Di dalam konteks SDGs, kebencanaan sudah menjadi perhatian dunia bahwa resiliensi harus masuk ke dalam sustainabilitas. Resiliensi terdiri dari 3 kata kunci, yang pertama adalah bagaimana ketika bencana terjadi bisa meredam kejutan-kejutan akibat dari bencana tersebut sehingga tingkat stress warga atau dampak lain dari bencana bisa dikurangi. Lalu yang kedua adalah bagaimana kita bisa kembali lagi kepada situasi normal atau bahkan kepada situasi yang lebih baik lagi. Kata kunci ketiga terkait learning and adaptation atau belajar untuk menghadapi bencana-bencana berikutnya. Dalam pemahaman sustainable development sekarang telah dimasukan faktor resiliensi, khususnya pada bagaimana kita bisa mencegah dan mengurangi dampak yang dihasilkan oleh sebuah bencana jauh-jauh hari melalui pembangunan yang disertai dengan resiliensi.

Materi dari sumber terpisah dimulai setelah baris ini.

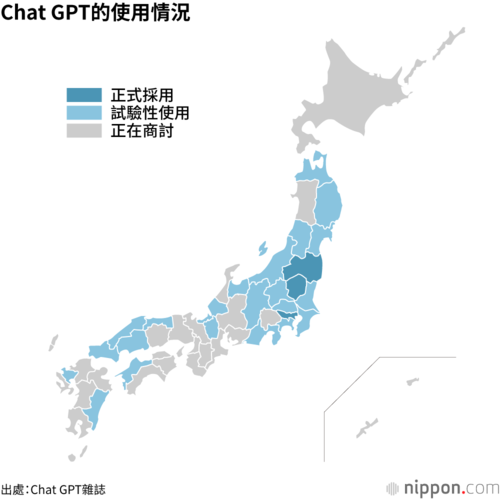 Chat GPT的使用情況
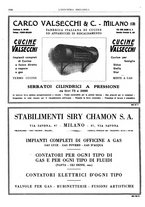 giornale/CFI0356400/1931/unico/00001102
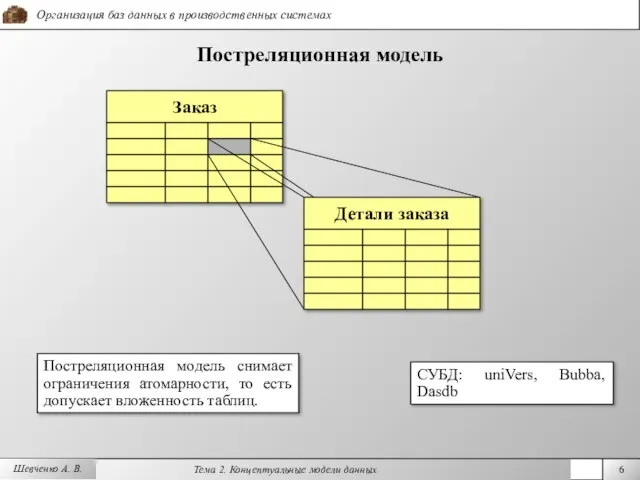 Шевченко А. В. Постреляционная модель Постреляционная модель снимает ограничения атомарности, то есть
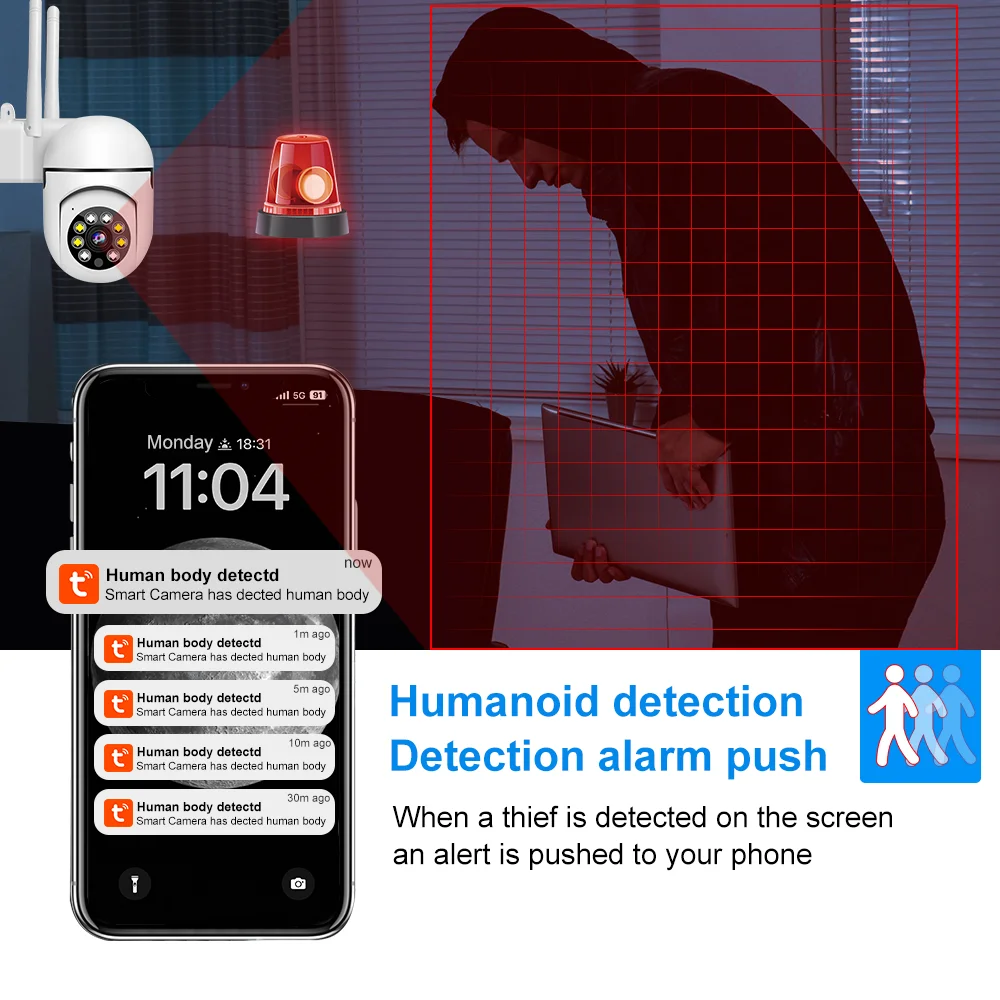 Tuya Smart Life WiFi Indoor Ca - огляд і ціна Smart Home Os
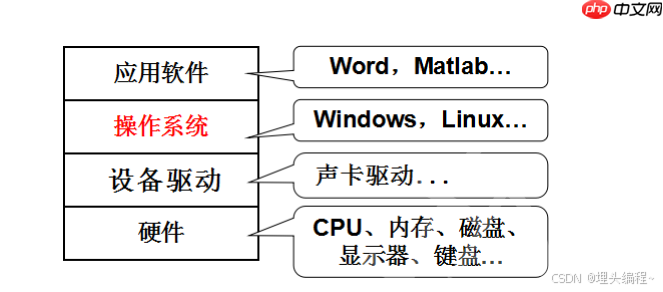 【Linux】操作系统 && 常用指令(上)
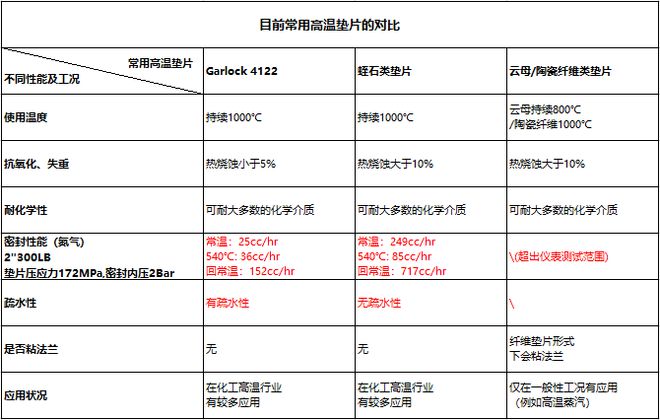 半岛综合体育极限高温工况下这样选垫片才不会泄漏！(图6)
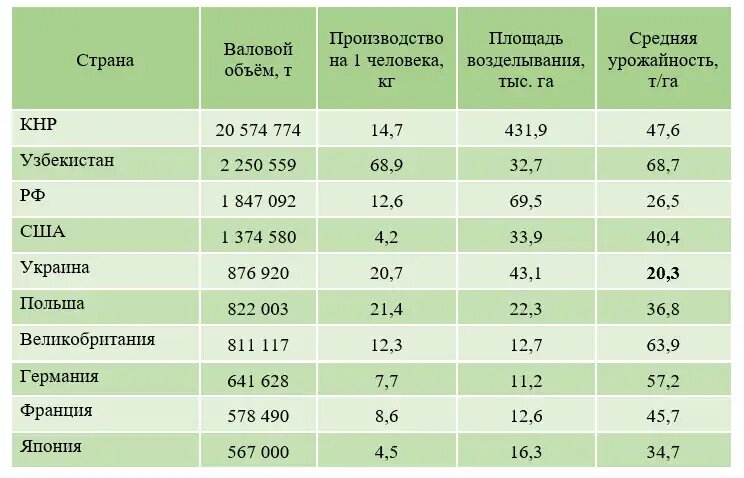 Таблица. Топ-10 крупнейших производителей моркови (+репы)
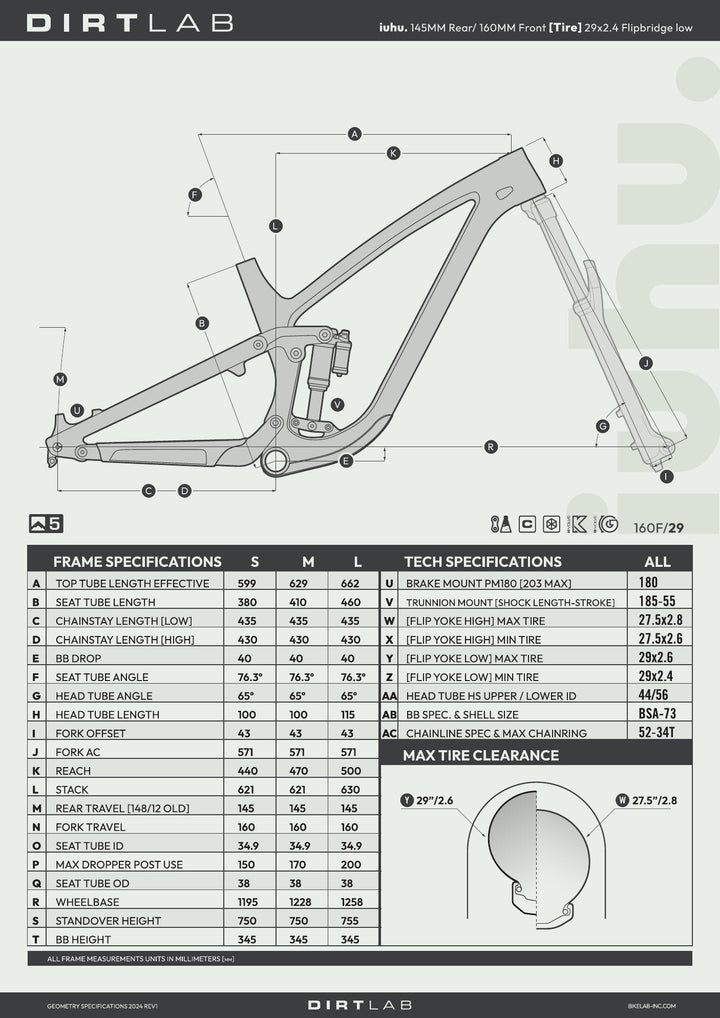 Iuhu HL geometry chart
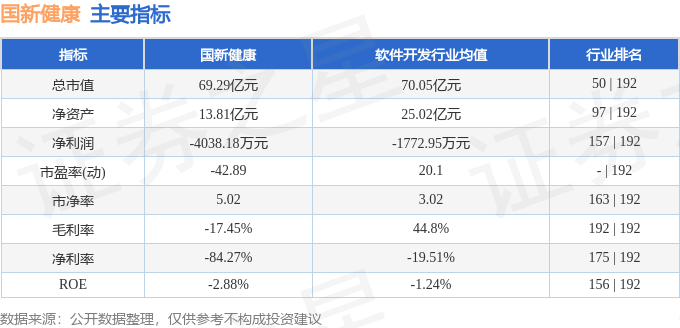 國新健康股票行情，時代見證與市場的脈動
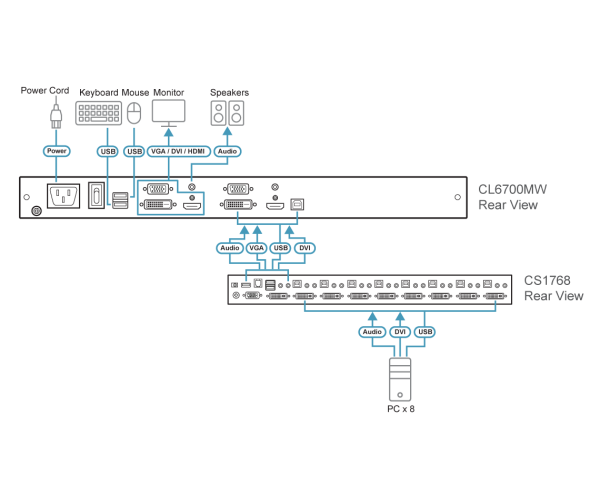 ATEN cl6700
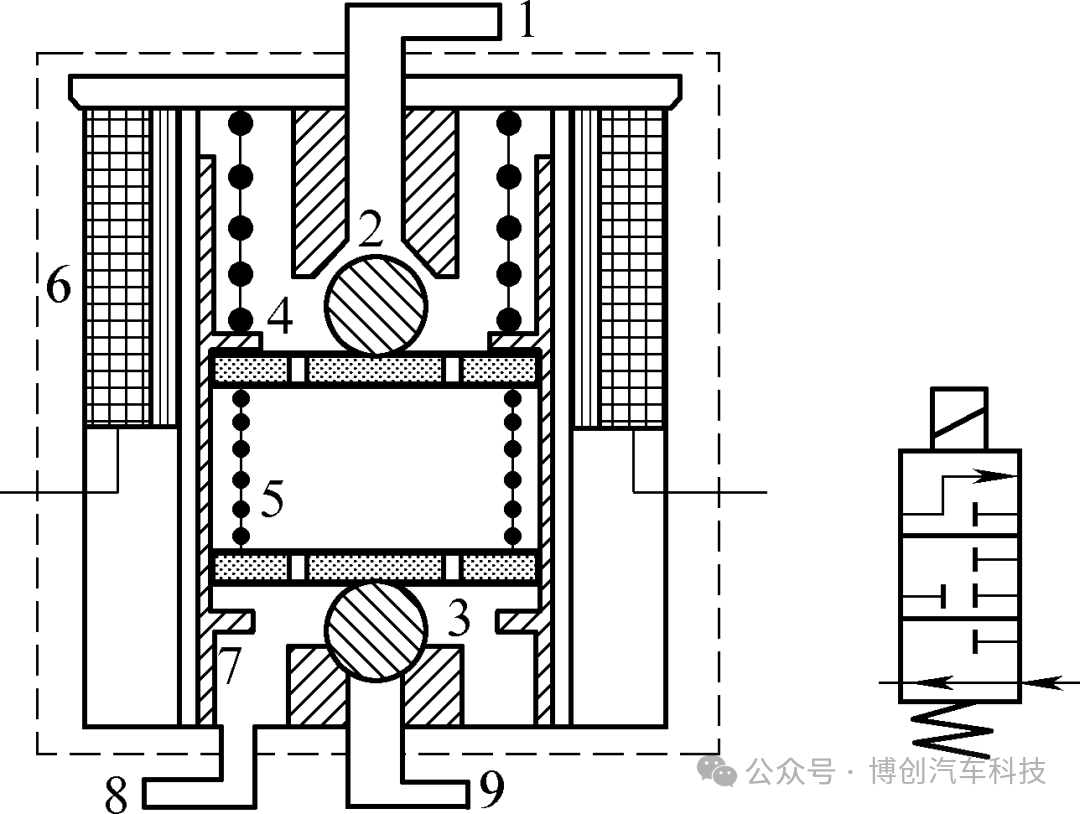 汽车制动防抱死控制系统中的传感器介绍w6.jpg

Kejadian bencana di Indonesia sangat meningkat tajam dimulai pada tahun 2000-an hingga sekarang. Selain itu, permasalahan emisi di Indonesia juga sama terus meningkat, jika dibandingkan dengan negara-negara maju seperti Singapura yang meskipun memiliki lingkungan yang hampir sama, negara-negara ini bisa dibilang berhasil dalam menangani permasalahan emisi. Dalam berbagai penelitian juga menunjukkan bahwa perubahan iklim dan kebencanaan saling berkaitan dan menjadi tantangan pembangunan di Indonesia untuk kedepannya. Salah satu permasalahan lain dalam pembangunan di Indonesia adalah adanya Urban Heat Island berkaitan dengan meningkatnya run-off yang berpotensi menyebabkan banjir.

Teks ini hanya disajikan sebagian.